M. Macron then has a double challenge; he will have to ensure that France’s healthcare system, in the respect it has proved unequal to coping with the pandemic, is bolstered or repaired to the point where the public can be assured that any recurrence can be managed more easily.
As with most other European nations, Covid-19 has hit France broadside, and has necessitated enormous economic sacrifices
Such damage is barely sustainable now, and would not be sustainable again. In the present climate, the mark of wise statesmanship is to have a plan to ensure that France gets out of its current difficulties and is headed for the bright sunlit uplands as swiftly as possible.
Compared with Britain, France is a heavily regulated society and after Brexit the comparison will be become even starker, as Britain rids itself of some of the rules imposed on it by Brussels.
It was questions of international competition that made discussions about a post-Brexit deal so difficult, precisely because Brussels was forced to admit to itself the unhelpful level of regulation the EU imposes upon its member states.
France’s unemployment rate, at 8.34% last winter, was nearly twice Britain’s even before the pandemic and it is sure to be higher afterwards.
French economists blamed three factors for this – shortage of trained people to do jobs that were available, a shortage of suitable housing near where there were jobs, and a welfare system so generous that the incentive to seek work is less than it might be.
The pandemic, as again in other European countries, has removed not just jobs but whole businesses in the leisure, tourism, entertainment and hospitality sectors.
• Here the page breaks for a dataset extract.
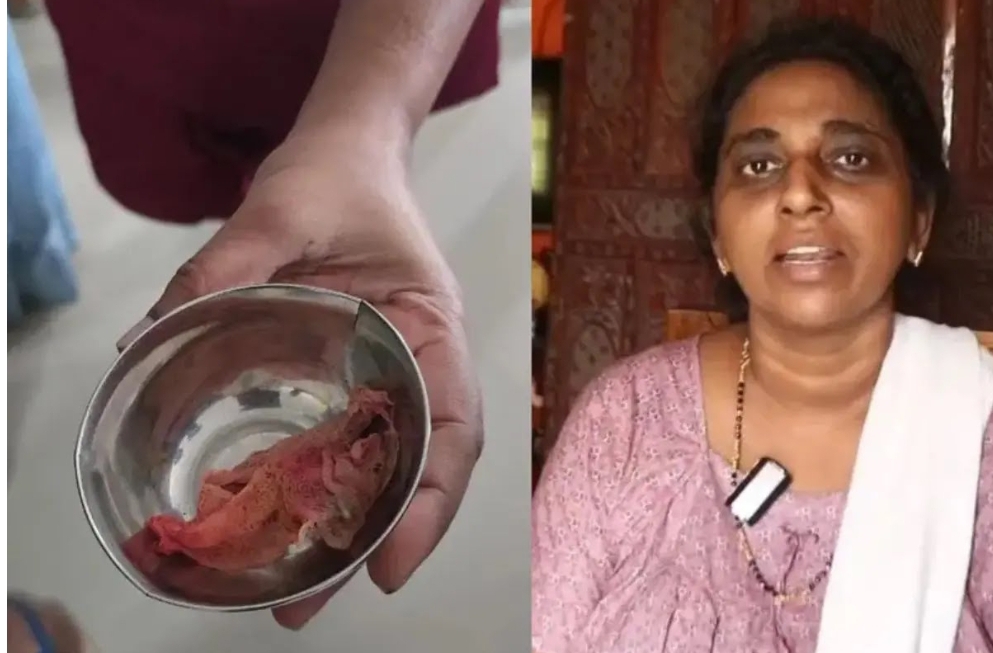 Surgeon’s cloth found inside woman’s abdomen three months after surgery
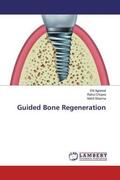 Agrawal / Chopra / Sharma |  Guided Bone Regeneration | Buch |  Sack Fachmedien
Working from home has depressed commercial property prices and conventional retailing, and siphoned revenues from transport networks
These are not problems that France, or any other country, can regulate itself out of.
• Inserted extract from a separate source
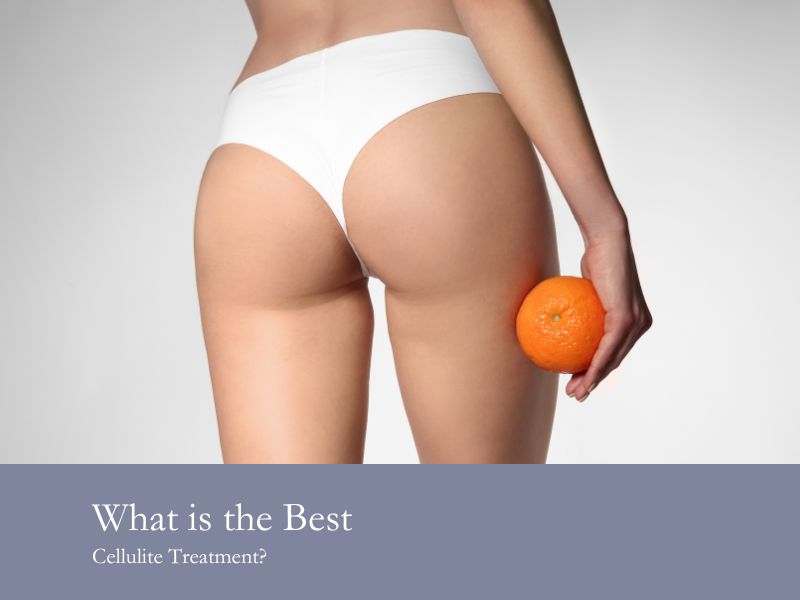 What is the Best Cellulite Treatment?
In his first presidential campaign, M. Macron showed a willingness to challenge economic orthodoxies and pursue what might loosely be termed free-market solutions to entrenched French problems.
That is the vision he must embrace this time, and put his faith in lower taxation and looser regulation persuading people to take business risks, create jobs and come out and spend money once the pandemic has passed; and assuming the vaccine works, to have a plan to do this as swiftly as possible.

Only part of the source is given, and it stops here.